Da Mussolini a Veltroni

Mussolini, da sotto via del Corso, proprio dietro Palazzo Chigi, fece tirar fuori l’Ara Pacis, il monumento voluto da Augusto per segnare la grande pace del mondo antico. L'Ara, sempre per volere del Duce, fu posta sotto una teca disegnata dal Morpurgo, affacciata sulla piazza costruita intorno al mausoleo dell'imperatore. A dispetto del messaggio intrappolato nel tempio, nell'ultimo lustro sono stati in molti a guerreggiare per la sorte toccata alla teca che difendeva l’Ara: guerre tra architetti, guerre tra coalizioni, guerre tra amministratori, guerre d’inaugurazioni. Oggi il monumento è di nuovo lì, con tutto il suo spazio attorno, una montagna di travertino che lo incarta e chilometri quadrati di cristallo che lo consegnano, nudo, agli sguardi della confusione del lungotevere. Minimalismo americano, algido, freddo, così lontano da quella Roma barocca bionda e riccioluta: milioni spesi per togliersi dalle scatole un po’ di fascismo e far felice un sindaco che voleva far l'americano. Passati pochi giorni, tutto è tornato al suo posto.

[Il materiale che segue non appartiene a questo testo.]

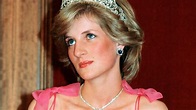 La princesa Diana influencia la nueva tendencia en accesorios | Vogue ...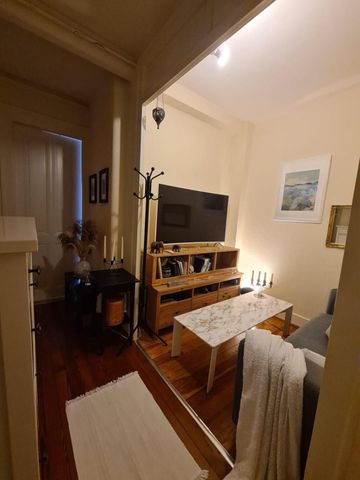 Charmant 2 pièces disponible jusqu'au 31.10.2026 - Foto 5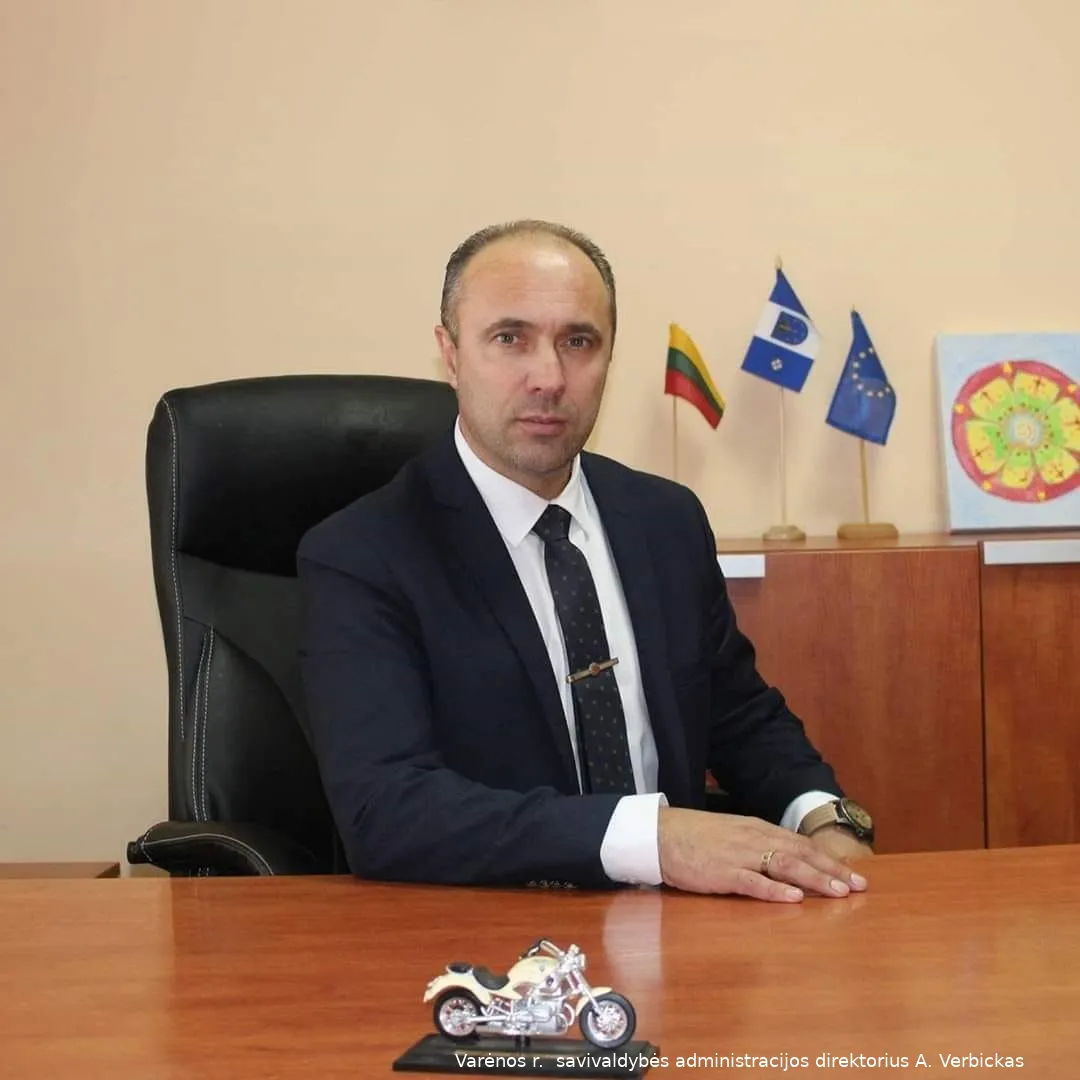 verbic86731422 3926530227387771 3725868633037996032 n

Nei silenzi delle distese di marmo piallato, distribuite con la diligenza della buona mamma di famiglia, si accucciano cinque piantine nei loro bei vasetti in plastica color mattone, goffe e rigogliose a dialogare con gli estintori rosso semaforo. C'è una seggiolina di design imitato con la seduta in vimini e una stringa aeroportuale per fermare il vuoto che separa uno scalino dal tempio. E vorresti buttar giù tutto.